Chef Enrico Bartolini on his menu for Sepa in Mid-Levels
The 34-year-old, from the two Michelin-starred Devero in Lombardy, Italy, explains his motivations, philosophy and must-try dishes

"When I was three years old, I cooked my first biscuit alone. It wasn't a true pastry: it was flour, sugar and eggs, blended together and put in the oven. But that [culinary] instinct drives me. My original plan was to make shoes with my father - he was a shoemaker. He asked me not to continue into his profession because he didn't think the business could survive. So I chose to be a cook. I went to a culinary school near Florence and finished my diploma when I was 18. My first job was with Mark Page at the Royal Commonwealth Club, in London.
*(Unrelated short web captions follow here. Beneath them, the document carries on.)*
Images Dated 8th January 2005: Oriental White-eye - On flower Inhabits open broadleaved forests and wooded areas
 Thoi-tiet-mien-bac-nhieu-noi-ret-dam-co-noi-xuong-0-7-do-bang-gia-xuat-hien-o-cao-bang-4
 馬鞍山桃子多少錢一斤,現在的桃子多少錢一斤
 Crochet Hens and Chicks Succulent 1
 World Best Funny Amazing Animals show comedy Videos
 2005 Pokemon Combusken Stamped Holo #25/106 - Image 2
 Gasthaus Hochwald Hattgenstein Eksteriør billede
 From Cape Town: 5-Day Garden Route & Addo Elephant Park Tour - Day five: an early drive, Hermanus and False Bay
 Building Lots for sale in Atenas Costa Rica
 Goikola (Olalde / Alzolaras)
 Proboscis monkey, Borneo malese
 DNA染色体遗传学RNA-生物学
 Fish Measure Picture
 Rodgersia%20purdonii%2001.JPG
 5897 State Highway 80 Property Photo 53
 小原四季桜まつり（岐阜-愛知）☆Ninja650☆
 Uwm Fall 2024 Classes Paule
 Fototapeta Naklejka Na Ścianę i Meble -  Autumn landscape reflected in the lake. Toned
I'm from Tuscany but for the past 15 years I've been living in London, France and now Milan. When I started my first restaurant, I was 25 years old."
"I like elegance of flavours and we try to give our guests a nice ambience. In the kitchen, we're looking for each ingredient's history, quality and balance. My most famous dish is a risotto with a beetroot and gorgonzola sauce, although I don't think it's the best. My best changes every day."
"The ideas are similar: both are modern restaurants serving classic recipes with traditional flavours. But Devero is fine dining whereas at Sepa we offer a casual experience. The menu at Sepa is based on traditional recipes from Venice but we reinterpret them in a contemporary way. Sepa serves cicheti [small dishes to be shared] and the idea of a bacaro is to give a bite size of different specialties from the Venetian culinary landscape. It's our philosophy: the dishes are big enough to share but not too big."
"For Giacomo [Marzotto, co-owner of Sepa with Catalunya's Gerald Li], the smoked eel pasta drives him nuts. For me, I love the chicken. Because it's unusual to eat the bird in Italy, it surprises me when the skin is perfectly crispy and the meat very moist.
"The most important dish here is our slow-cooked sepa ["cuttlefish", in the Venetian dialect] with black ink and served with potato in an emulsion with olive oil. We call the restaurant Sepa because it's a common ingredient in both Cantonese and Venetian gastronomy."
"I never cook at home. I'm at the restaurant from 8am till midnight, but occasionally I love to make simple things like anchovies, butter and bread, or pasta with tomato."